Try it:
Once you find the line with "Rússia: Mais de", output it and every line after it exactly, through the last line of the listing, but no pictures.

Data:
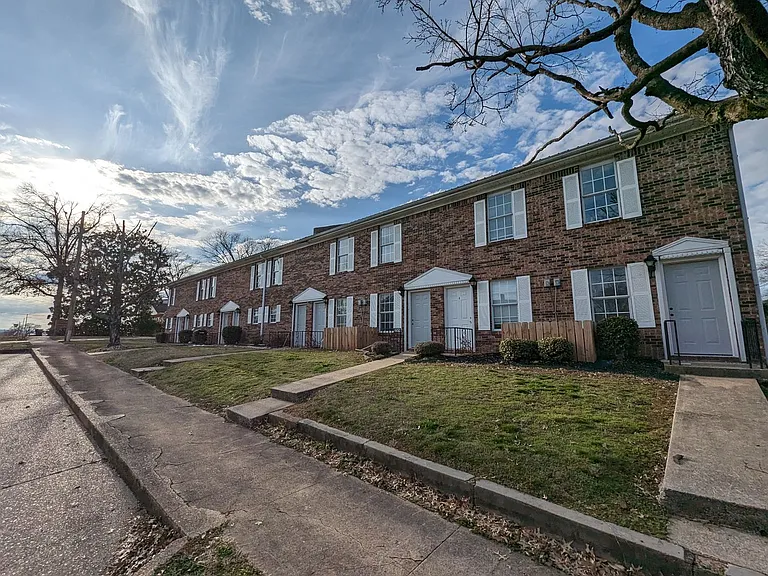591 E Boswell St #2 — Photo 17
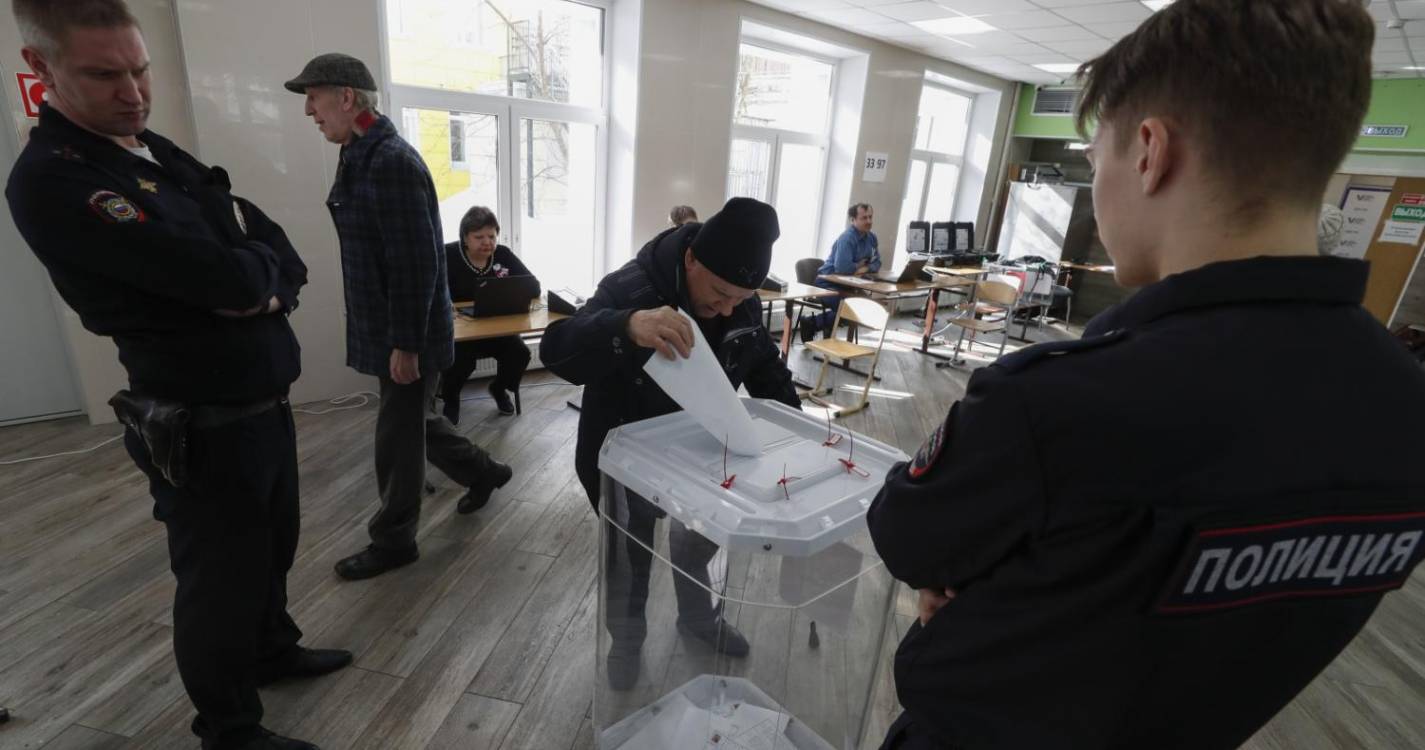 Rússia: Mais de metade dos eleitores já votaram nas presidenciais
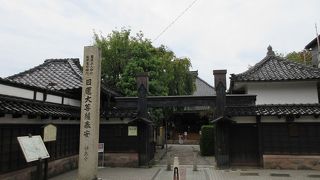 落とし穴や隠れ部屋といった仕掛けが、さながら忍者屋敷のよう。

Answer for the task:
 Rússia: Mais de metade dos eleitores já votaram nas presidenciais
 落とし穴や隠れ部屋といった仕掛けが、さながら忍者屋敷のよう。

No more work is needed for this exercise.